Brady Langman of Esquire wrote, "can we just take a moment to appreciate how far Mark has come? His Outie just went from 'She's alive!' refers to my infant nephew to rework the entire physiology of my brain so I can see my wife again in a single episode. Meanwhile, Innie Mark's transformation from corporate narc to union steward feels complete. And once again, I just have to show appreciation for Adam Scott's blisteringly human performance as both Marks. Kudos to him and the entire Severance crew." Erik Kain of Forbes wrote, "All told, yet another fantastic episode of Severance. So much happened! This is the first episode of the season where we see both the inside and outside worlds/selves, which is nice. And every character has their moment, from Milchick's surprise gift to Dylan's visitation to the Mammalians Nurturable visit and Irving's discovery of the Exports Hall, not to mention Mark's procedure."

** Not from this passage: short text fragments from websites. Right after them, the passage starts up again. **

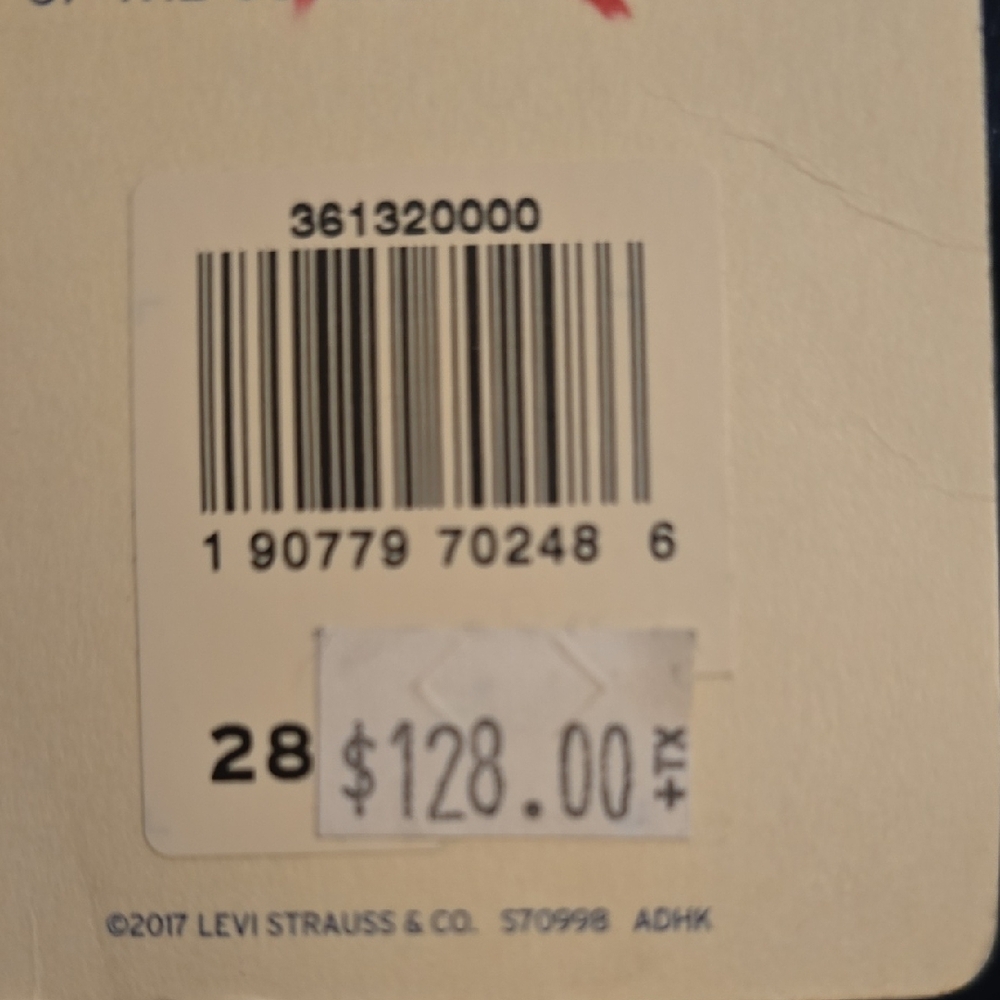 Levi’s Dark Overalls Size 28 - Picture 5 of 5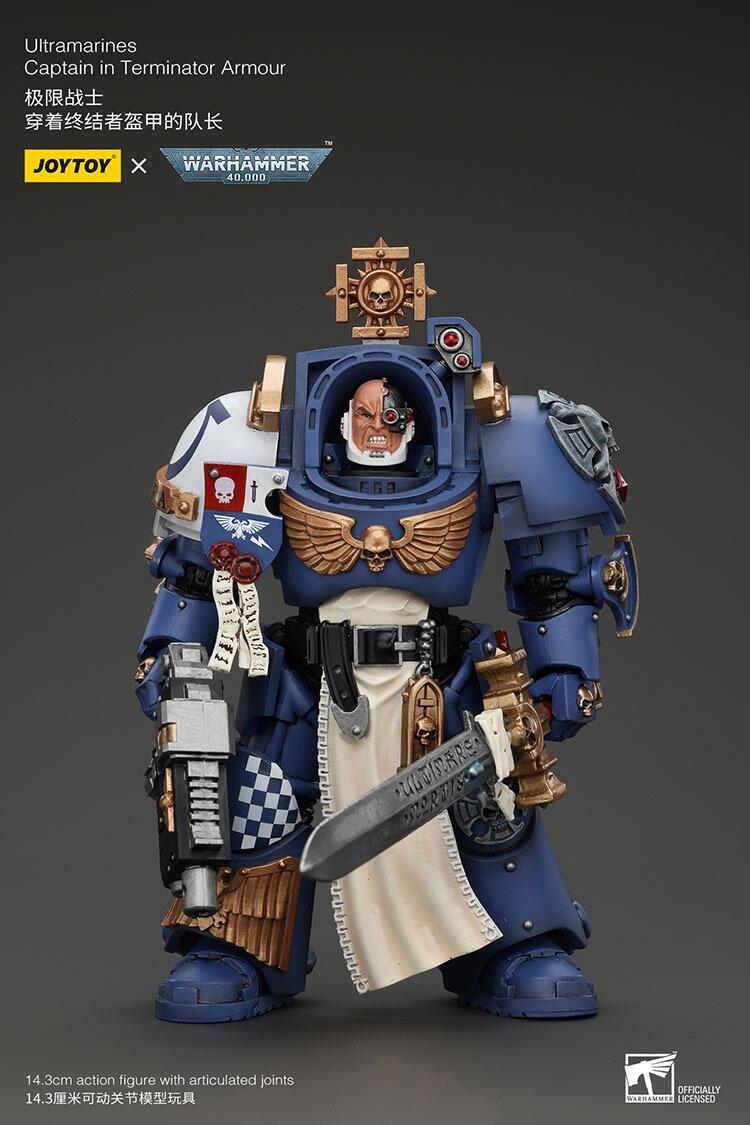 Joy Warhammer 40,000 Ultramarines Primaris Champion Brother Parnaeus 1 Scale Action Figure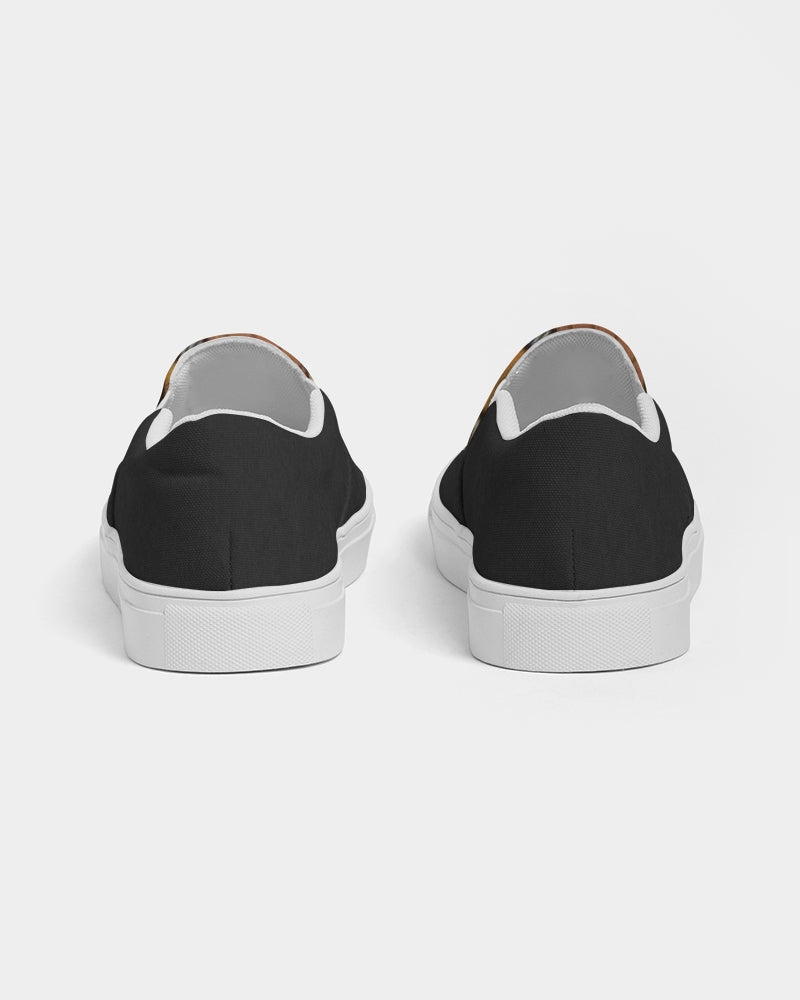 Black classic Kente Women's Slip-On Canvas Shoe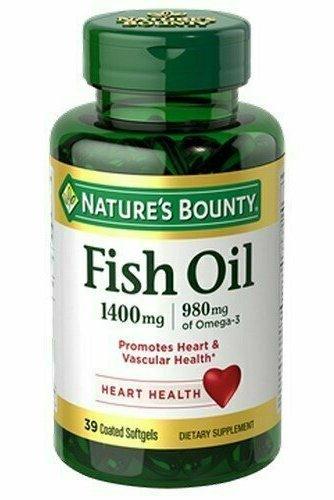Nature's Bounty Fish Oil 1400 mg Omega-3 Softgels 39 each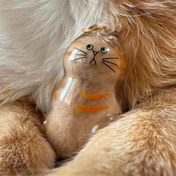 Resim Sevimli Kedi Saç Depolama Kutusu, Kedi Saç Anahtarlık, Kedi Saç Depolama Kapsülü, Evcil Hayvan Saç Hafıza Kutusu - Kedi ve Köpek Saç Toplama Kavanozu İçin Uygun, Evcil Hayvan Sevgisi İçin Anıt Hediye - Yaratıcı Anahtarlık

Griff Griffin of Newsweek wrote, "The episode ends with Mark experiencing what seems to be a massive identity crisis, with his location and outfit rapidly switching back and forth. On the plus side, he might have a solution to bridging the gap between his innie and outie, which looks to be how he can finally find his wife." Breeze Riley of Telltale TV gave the episode a 4.5 star rating out of 5 and wrote, "After easing audiences back into the world of Lumon, Severance Season 2 Episode 3, “Who is Alive?” bombards them with information and twists. For fans who love the mystery-box elements of the show, the episode is a great time."